In the opening rounds Murray dominated McDonagh with a higher workrate and McDonagh appeared content to counter punch. Through the middle round McDonagh began to stand firm against Murray's onslaught of flurries. Murray's high workrate left his defence open at times which McDonagh began to take advantage of.

Towards the latter rounds McDonagh appeared to fade and become ragged, however, Murray's fitness told as he was able to continue his marauding style, pushing forward and making his superior workrate count.

The tenth and final round highlight the desire that both men had to win an Irish title. A fresher looking Murray still seemed to gain the upper hand in the exchanges to finish the fight strongly. Belfast referee Sean Russell scored the fight 98–94 to give Murray the Irish national title.

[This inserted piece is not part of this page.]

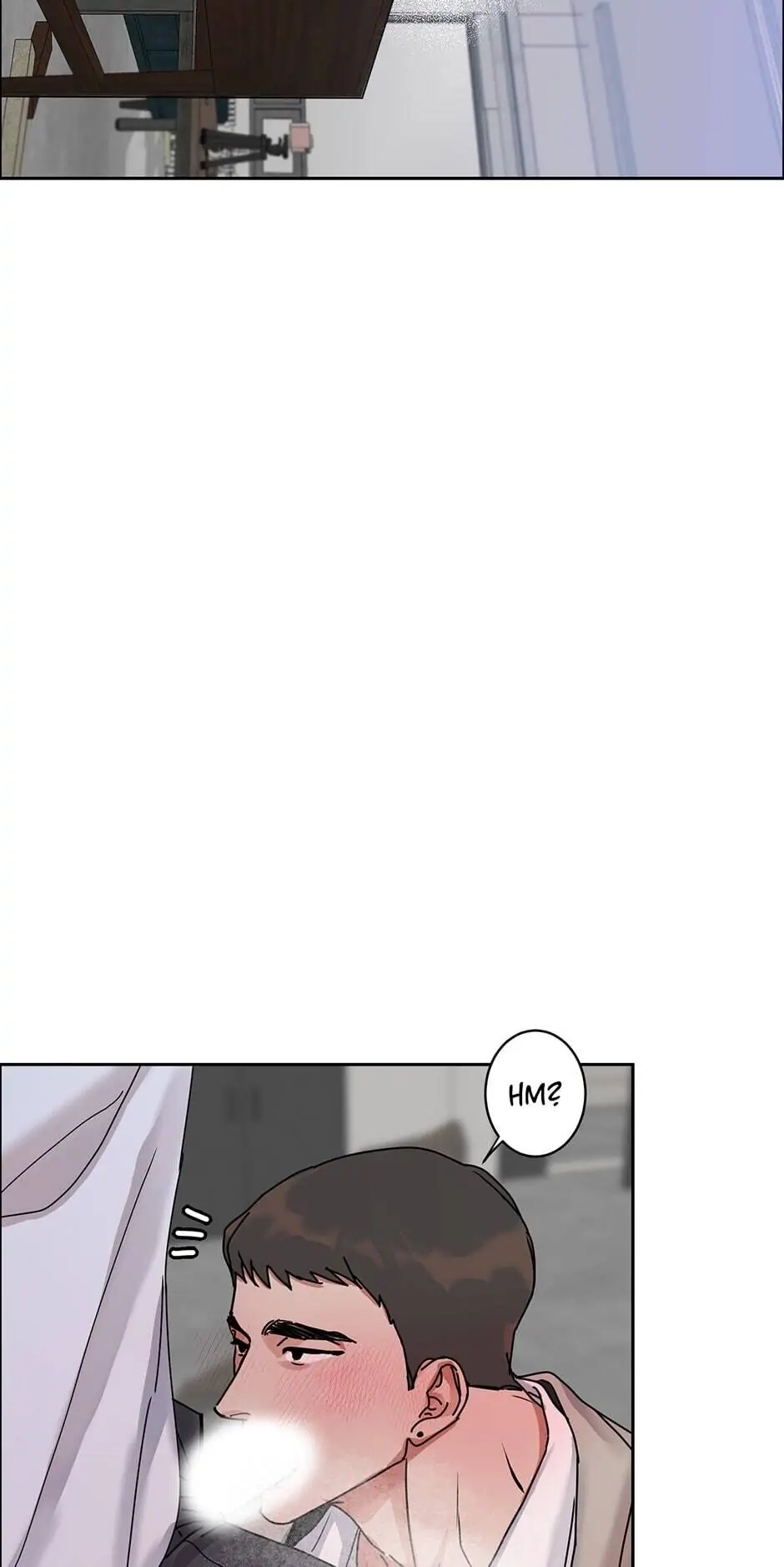 Read Subscribers Only chapter 49 image 40 on Lezhin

Murray was then presented with the belt by former professional, Sligonian, Vinny Feeney and then stated "I knew my persistent and aggressive style would catch up with him eventually. He was tough though, he worked hard throughout and it was an eye opener for me and just what I needed at this stage in my career".

==Move to welterweight==
Murray has only fought intermittently since debut and a highly anticipated Irish title fight against US based Irishman Oisin Fagan has been cancelled as Murray has now vacated the Irish title and stated that he is moving up to the welterweight division.

Murray is currently ranked 7th in Irish.boxing.com's rankings of welterweights after up a division, however, as a light welterweight he was ranked number in the Boxing Union of Ireland lists in 2005.